Greenwich Walk

Every few months I go out with a few photographer friends for a few drinks and a meal, and sometimes we take a few pictures too, though it is really more of a social event. But in October our walk was rather different, partly because it was a prelude to attending a book launch by another of our group of friends, Mike Seaborne, taking place that evening in the Isle of Dogs.

I’ve a long relationship with the riverside path at Greenwich, one of my favourite walks over the years, beginning back around 1980 when the area was highly industrial. In recent years there have been closures of parts of the path where riverside flats were being built, but the last part re-opened just a few weeks before we walked it, and with this in mind I proposed we meet at North Greenwich station and walk into Greenwich.

Mostly I was interested in taking panoramic images and all of those shown here have a horizontal angle of view of over 140 degrees and a vertical field of view of just over 90 degrees and are in the normal 35mm 1.5:1 aspect ratio. Occasionally (usually by accident) I take them in 16:9 widescreen ratio which my Nikon D810 defaults to if you go into Live View in movie mode even if you are taking still images. Often I crop them to more panoramic format, typically 1.9:1, which is equivalent to using a rising or falling front on the camera. For landscape images it is generally vital to keep the camera level to avoid a curved horizon, and the D810 can display both up-down and left-right level indicators.

Lightroom by default corrects fisheye images to rectilinear perspective if you use the lens profile, which is frankly nonsensical. Fortunately it is possible to edit the profile to give no correction. In converting to rectilinear it throws away most of the image and gives you a fairly normal wide-angle view. Rectilinear perspective can’t really handle angles of view greater than around 90 degrees as I found using a 12-24mm lens. For most subject matter anything shorter than 16mm (97 degrees horizontal) was hardly usable, and I was very seldom happy with pictures I took at 12mm (113 degrees.) The 147 degrees of these images is simply out of range.

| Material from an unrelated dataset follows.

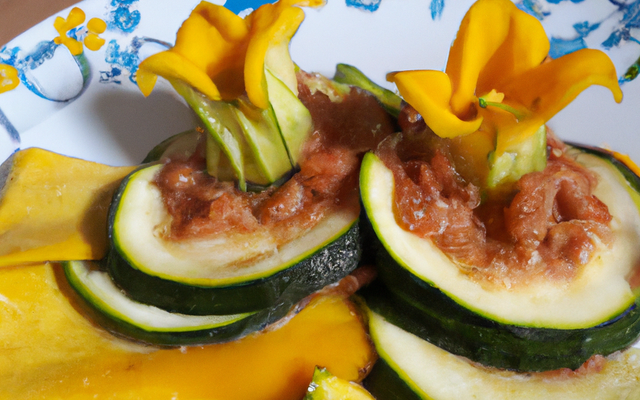 Courgettes sur lit de ravioles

Very occasionally I’ll take a picture with this 16mm lens (or its 10.5mm DX equivalent) which looks fine exactly as taken, but for most scenes I’m thinking as I take it of a rectangle not quite as it appears in the frame, but defined by the centre of each of the four sides of the frame, knowing that I will lose the four corner areas. This is I think a ‘cylindrical’ perspective, exactly like I made for around fifteen years with a succession of ‘swing-lens’ cameras, where the lens rotates around the centre of a part circle of curved film, typically giving images with around a 130 degree angle of view.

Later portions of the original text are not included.